By Jenna Somers
“If you think you understand quantum mechanics, you don’t understand quantum mechanics.” This quote, most often attributed to Nobel laureate in physics Richard Feynman, reflects the immense difficulty, even among physicists, of grasping quantum science concepts. But researchers at the University of Central Florida, University of Texas at Dallas, and Vanderbilt University are tackling the challenge of making these concepts more accessible through a new educational tool that uses virtual reality and machine learning to identify and address misconceptions in quantum information science (QIS).
A novel science and technology field, QIS combines physics, computer science, mathematics, and engineering to apply quantum physics to information technology. Given the potential for QIS to dramatically transform information gathering, processing, and dissemination—and therefore, lead to improvements in security and computational speed—a well-trained QIS workforce is necessary to advance information technology and strengthen national competitiveness in the field.
In response to this need, the National Science Foundation awarded a three-year, $927,203 grant to Ryan McMahan, associate professor of computer science at the University of Central Florida; Michael Kolodrubetz, assistant professor of physics at the University of Texas at Dallas; and Kelley Durkin, research assistant professor of teaching and learning at Vanderbilt Peabody College of education and human development. Together, they are harnessing QubitVR, a virtual reality application developed at UCF, to teach quantum computing to college students and resolve common misconceptions that often lead to students abandoning the field.
“In the near future, quantum computing is likely to advance key computer science areas like cybersecurity, machine learning, and artificial intelligence,” McMahan said. “These advancements will have broad impacts for ordinary people in their everyday lives, such as fewer identity and information thefts, more-personalized computing experiences, and better artificial intelligence agents, such as Alexa and Siri.”
Knowing that significant technological advancement depends on quality training for the future QIS workforce, the researchers have begun the first step of the project, to understand how this future workforce thinks about the concepts behind QIS. Durkin is a learning scientist with expertise in STEM teaching practices and children’s misconceptions in mathematics. Since the project started in August, she has been leading efforts—in collaboration with Kolodrubetz and McMahan—to design an assessment evaluating students’ understandings of introductory QIS concepts and their misconceptions.

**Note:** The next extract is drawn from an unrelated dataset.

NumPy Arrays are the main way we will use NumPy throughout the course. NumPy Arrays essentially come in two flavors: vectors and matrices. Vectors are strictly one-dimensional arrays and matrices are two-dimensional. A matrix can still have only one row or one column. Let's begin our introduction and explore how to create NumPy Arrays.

“This is a relatively new field, so there aren’t many assessments to help us understand what people know and don’t know about quantum information science and what the most confusing concepts are,” Durkin said. “Once we’ve established validity and reliability for the assessment, in consultation with a network of physicists, we’re hopeful that it could be used in classrooms across the country, including in high schools, to help educators get a better sense of students’ knowledge and areas for additional instruction.”

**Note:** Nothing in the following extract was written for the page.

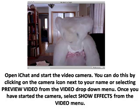Step 1. Open EyeChat and start the video camera. You can do this by clicking on the camera icon next to your name, or by selecting Preview Video from the Video drop-down menu. Once you have started the camera, select Show Effects from the Video menu.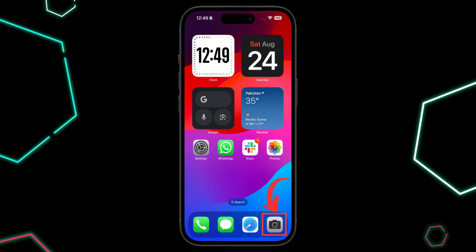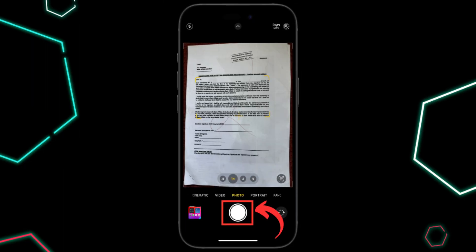Firstly, launch your iPhone's camera app. Place the document on a flat surface in a well-lit area and frame it within the camera view. Tap the shutter button to take a photo.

Kolodrubetz often witnesses his students struggle with fundamental, yet complex, quantum physics concepts and recognizes the critical need to help students and experienced physicists visualize these concepts in practice.

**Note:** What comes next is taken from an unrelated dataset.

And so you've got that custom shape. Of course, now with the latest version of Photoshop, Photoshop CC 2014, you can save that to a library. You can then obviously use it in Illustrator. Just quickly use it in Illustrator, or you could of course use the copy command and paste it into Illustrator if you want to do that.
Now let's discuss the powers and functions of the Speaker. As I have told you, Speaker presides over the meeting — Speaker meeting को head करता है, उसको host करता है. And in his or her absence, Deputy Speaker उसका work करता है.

“One of the main challenges in quantum physics is that we don’t have any day-to-day experience with it. Most of what we think to be true based on our life in the classical world—for example, particles only existing at a certain location at a given time or looking at objects doesn’t change their behavior, etc. – turns out to be false in the world of quantum physics. Even visualizing these non-classical effects using classical representations of the world—like pictures of the electron’s location in the atom—are challenging. So, while physicists know how to manipulate the rules of quantum physics mathematically, even we often have trouble picturing the way the quantum world works,” Kolodrubetz said.
Initially, the team will distribute the assessment to a representative country-wide general population, which will include college and non-college students, and then it will be given to novice QIS students at UCF and UTD. Data collected from the assessment will inform two machine learning versions of QubitVR: one that proactively addresses common misconceptions and another that reacts to the user’s mistakes in the VR environment to correct their misconceptions. Led by Durkin, the Vanderbilt team will code misconceptions as students interact with and make mistakes in the VR environment, which will further enhance the machine learning algorithms. The team also plans to evaluate which version of QubitVR better teaches and reteaches QIS concepts.
To make the training environment accessible to users without VR equipment, the team will also develop desktop and smartphone versions, which, along with the assessment, could be widely distributed to undergraduate institutions and high schools.